The popular brand Lindt, has, according to this website 12 g sugar per 40 g serving (4 squares) in their 70% block; so 12/40 = 30%, so almost all of the remaining 30% is sugar. I don't know how much of this is natural sugars present in the cocoa to start with. However, if it is any help, the same site has the 90% as 3 g sugar/40 g = 7.5%, so less than the 10% you might expect if the sugar makes up all the additional mass.

Cook's Illustrated says you can replace 1 ounce bittersweet/semisweet (70%) chocolate with 2/3 ounce unsweetened (99-100%) chocolate + 2 teaspoons of sugar.

However, they note this will only work well for baked good like brownies. Unsweetened chocolate has more starch than sweet chocolate so it may not work as well for a cake.

Chocolate "percentages" (for "pure" dark chocolate, anyway) work as pretty much as follows:

70% chocolate is 70% cocoa, 30% sugar, and (yes, more than 100% total) a percentage of cacao butter, at least if it's the real thing.

For the real thing, the fat ratio is fairly consistent, though it may vary slightly with the raw ingredients.
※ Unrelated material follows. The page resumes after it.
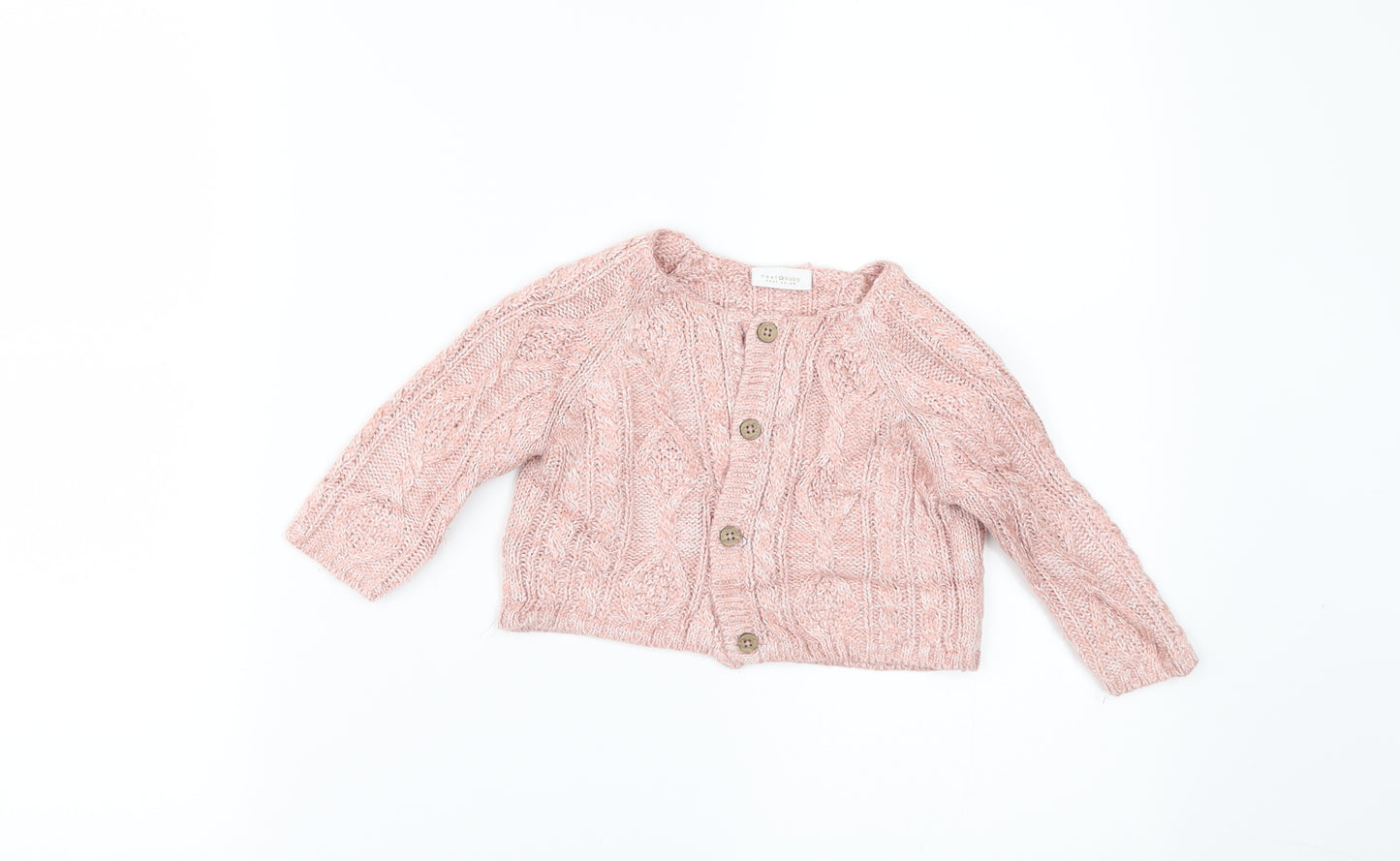 NEXT  Pink   Cardigan Jumper Size 6-9 Months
Two examples from a chocholic's stash.

Callebaut 70/30/38

Schokinag 75/25/40

Both are listing cacao solids / sugar / fat percentage, where cacao solids and sugar add to 100% for "chocolate percentage", and the fat relation to cacao solids is 53-54% for those examples (40/75 and 38/70)

So, assuming the cacao butter has not largely been siphoned off to the cosmetics industry, the weight of your 99% chocolate is actually 152-153% of the weight of the cacao solids in it. Further math says the cacao solids are about 65% of the combined cacao solids and cocoa butter mass, pretty much.
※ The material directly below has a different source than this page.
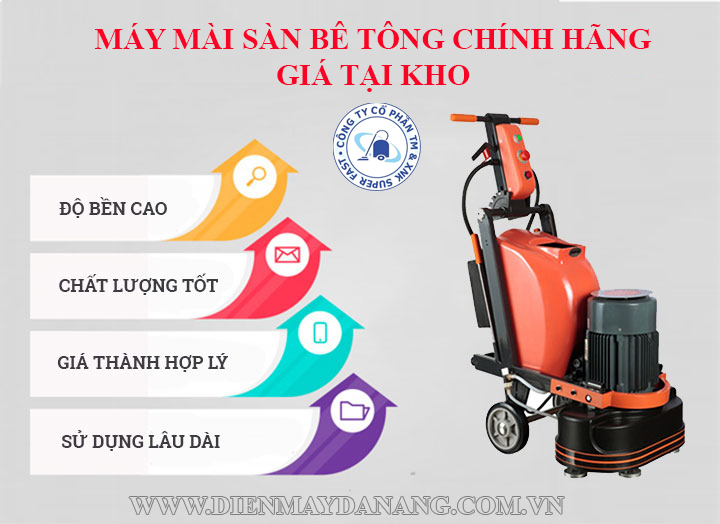 Máy mài bê tông tại Quảng Ninh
So if you have 100 grams of 99% chocolate, it's got 64-65 grams of cacao solids, and 26-27 grams of sugar added to that would make 126-7 grams of 70% chocolate.
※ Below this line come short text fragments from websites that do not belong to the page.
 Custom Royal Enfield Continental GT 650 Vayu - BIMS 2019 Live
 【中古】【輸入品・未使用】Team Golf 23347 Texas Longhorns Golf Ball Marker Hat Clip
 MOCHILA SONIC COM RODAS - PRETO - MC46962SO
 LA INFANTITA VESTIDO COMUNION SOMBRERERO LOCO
It's mostly confusing because of the special way the chocolate industry uses "percentage" which is not intuitive.

• Sorry, but this answer is quite confused, and arrives at the wrong conclusion. There is nowhere in the real calculation where you need to work with "more than 100% total". A 70% chocolate is exactly what it says, 70% chocolate mass, and 30% sugar. Out of that chocolate mass, some is cocoa butter and some cocoa solids (and this may differ between brands). But the usage of percentages is completely intuitive. It also lets you use a simple rule of three calculation - so you need to add 42 g of sugar, not 26.
– rumtscho
Dec 16, 2022 at 12:27
• You're quite utterly, confidently, wrong here, @rumtscho. Dec 16, 2022 at 12:30
• here a few random search engine first page results: theochocolate.com/blog/understanding-cocoa-percentages, greatist.com/eat/…, toptierchocolate.com/what-does-chocolate-percentage-mean. They all agree with what I wrote. Or, for a professional source, see Greweling's book "Chocolates and confections", Chapter 2, subchapter "chocolate percentages".
– rumtscho
Dec 16, 2022 at 12:43
• A chocate bar that contains 70% cocoa, 30% sugar and 38% fat does not contain 138% of ingredients. It contains 70% cocoa which is a mixture of 38% cocoa fat and 70%-38%=32% cocoa solids. The three numbers claim that 70% of the total are ingredients made from cocoa beans, 30% are sugar and 38% are fat. This is all correct but the total is still 100%. Dec 16, 2022 at 16:22
• I think you're confusing cocoa and chocolate. A bar labeled 70% is emphatically NOT 70% cocoa, it's 70% chocolate. "Cocoa" and "chocolate" are not interchangeable. Dec 17, 2022 at 3:43

You can't just add sugar to chocolate and change the % of chocolate that way. If you have a melanger and want to integrate new suger you can, but it's not ideal, and the consistency won't be the same. Also keep in mind that the % chocolate is going to be a mix of solids and cocoa butter, and there's no way to know how much of each was used. For one thing, different beans have different percentages of cocoa butter (usually just above 50%), and also because most manufacturers add additional cocoa butter to their chocolate. Some also add lecithin and other ingredients. The best way to add sugar to this would be to find a chocolate that is much lower and combine the two and then re-temper it. You can then very easily calculate how much of the second chocolate to use based on what percent chocolate you're using to add sugar to the final blend.